Memorial Day, perhaps more than any other holiday, was born of human need of consolation. Deep inside all of us lies a fundamental desire to make sense of life and our place in it and the world. What we have been given, what we will do with it and what we will pass to the next generation is all part of an unfolding history, a continuum that links us to another. Abraham Lincoln pondered these thoughts in the late fall of 1863. His darkest fear was that he might well be the last president of the United States, a nation embroiled in the self-destruction of what he described as “a great civil war…testing whether that nation, or any nation so conceived and so dedicated can long endure.” He began his remarks with those words as he stood on the battlefield near Gettysburg, Pennsylvania on November 19th of that year.
The minute’s speech that became known as Lincoln’s Gettysburg Address turned into what might be called the first observance of Memorial Day.

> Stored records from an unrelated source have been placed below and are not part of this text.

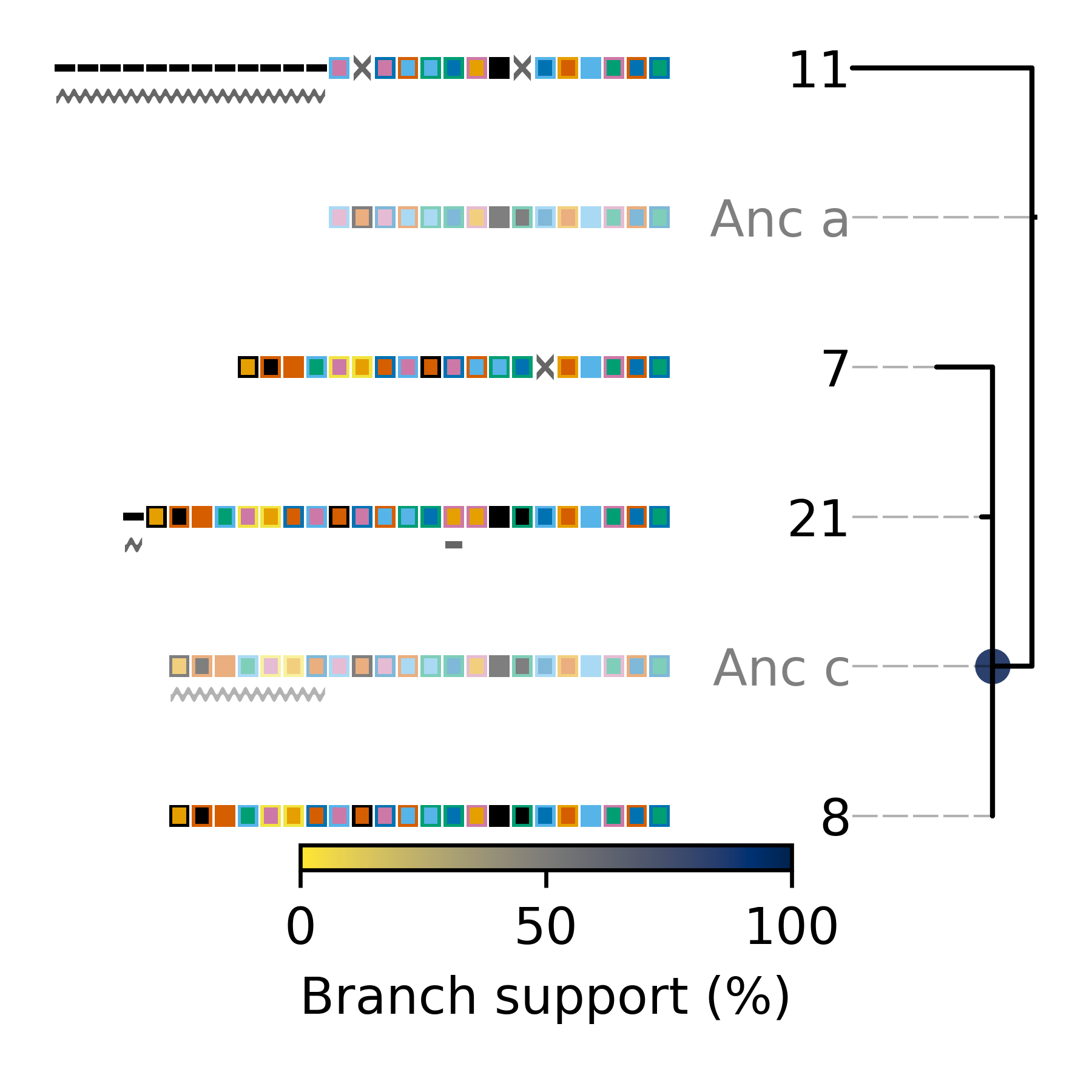 ../_images/smaller_cluster_tree.png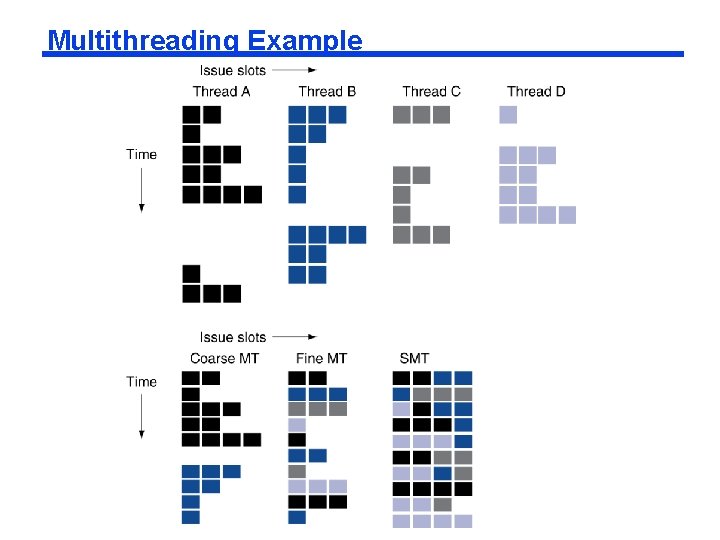 Multithreading Example 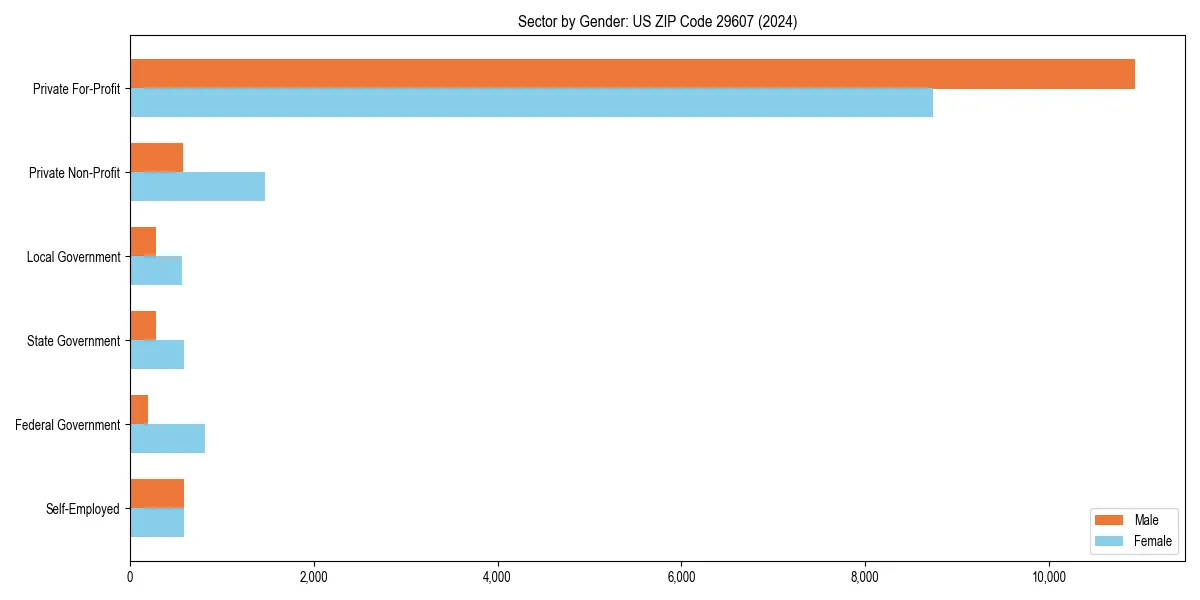 Employment sector breakdown by gender in 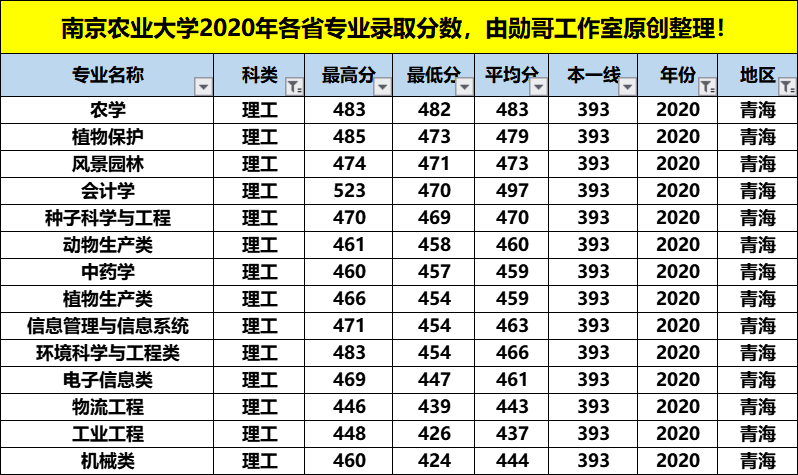 南京农业大学最牛的专业，在这4个省份录取分数竟是最低，收藏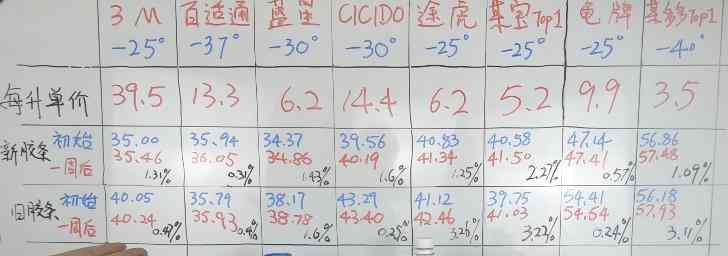 防冻玻璃水全方位实测:价格悬殊10倍,核心差异深度解析 防冻玻璃水全方位实测:价格悬殊10倍,核心差异深度解析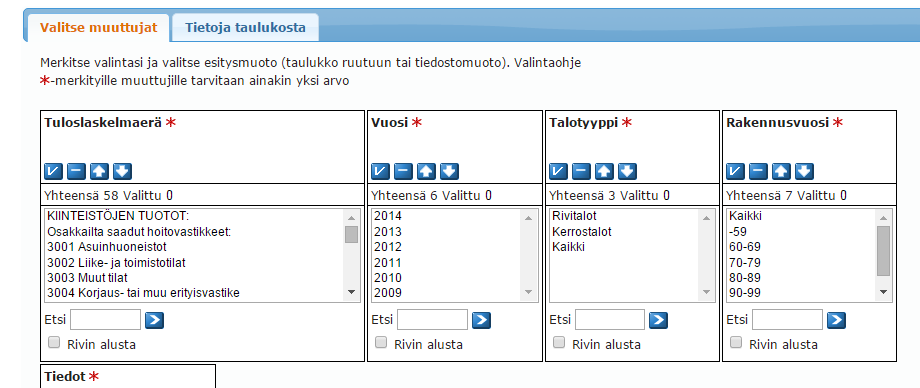 Tilastokeskuksen sivuilta lisätietoa Tilastokeskuksen sivuilta löytyy runsaasti tietoa hoitokuluista yms.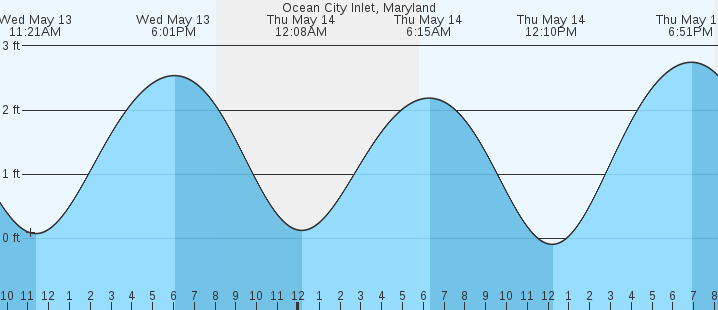 tide graph
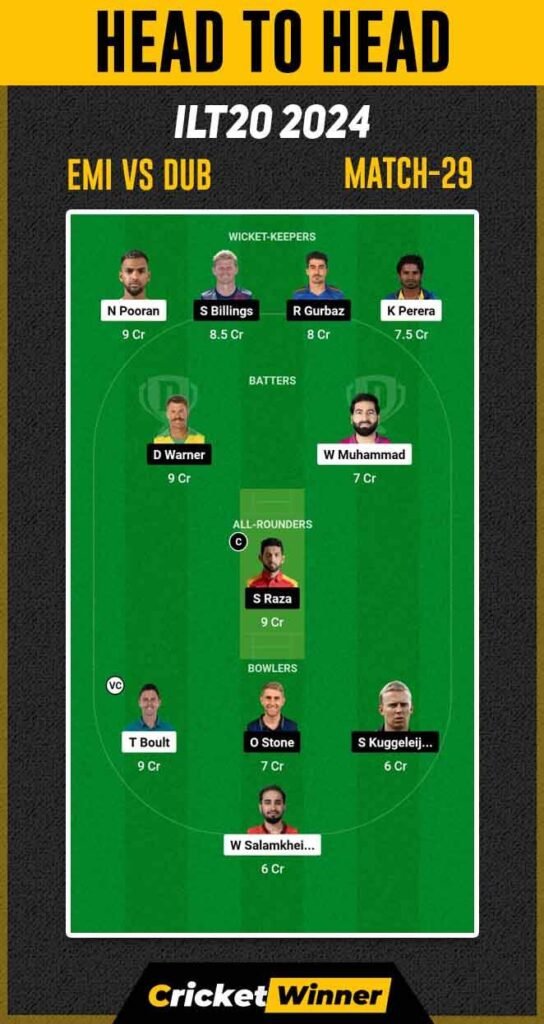 DCP vs MIE Dream11 Prediction, Fantasy Cricket Tips, Probable Playing XI, Pitch Report & Injury Updates For 29th Match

Lincoln’s purpose that day was to dedicate a portion of the battlefield as a cemetery for the thousands of men, both living and dead, who consecrated that soil in the sacrifice of battle. Said Abraham Lincoln: “That from these honored dead we take increased devotion to that cause which they gave the last full measure of devotion…that this nation, under God, shall have a new birth of freedom…” Three years later, in 1868, General John A. Logan, first commander of the Grand Army of the Republic issued a General Order establishing May 30 as an official Memorial Day, to pay respect to all those who had died, in war or peace. His order was that the men in his command should spend a portion of that day polishing the gravesites, decorating them and supporting whatever ceremonies they could. He hoped that this would spark enough interest to make Memorial Day a permanent national observance.
In the intervening decades, Memorial Day has been observed every year, though the day was re-established from May 30 to the last Monday in May. In 1966, President Lyndon Johnson also sanctioned Waterloo, New York as the “official” birthplace of Memorial Day because of the extensive ceremonies established there in 1866. Please join me in honoring our fallen service members’ bravery, selflessness and dedication and remembering the family, friends and loved ones they left behind. Memorial Day is a day to honor the men and women who gave their lives to protect our freedom. Over the three-day weekend, while you celebrate these early days of summer with friends and loved ones, take a moment to remember these service members and their families.
I close by sending Happy Mother’s Day greetings to all the mothers. What is a mom? Is she the one that gave birth to your life? Is she the one who raised you with the warm embrace of her arms? Is she the woman who gives all of her life, so that yours could be prosperous and long? Many mothers are probably these things and more. Moms are often masters of motivation and makers of memories. They are often the madams of the manor, the makers of meals, and more often than not, the maid of the mansion. She carries the motif of morality; she’s the mayor of mandates, and the magistrate over mayhem. She leads as a mentor of minors for the young who abide near her feet. For many, moms are ministers of mercy, comforting their young with a spiritual milk of magnesia, for a mom’s soothing nature takes away pain and makes everything better. Still, on this day, what is a mom if not all that? For a woman with qualities like this, I think we’d all tip our hats and say, “WOW, what a MOM!”
Happy Mother’s Day to all mothers, and thank you to those veterans who sacrificed and those who are sacrificing for the peace of this great nation!
God bless America and god bless the City of West Park!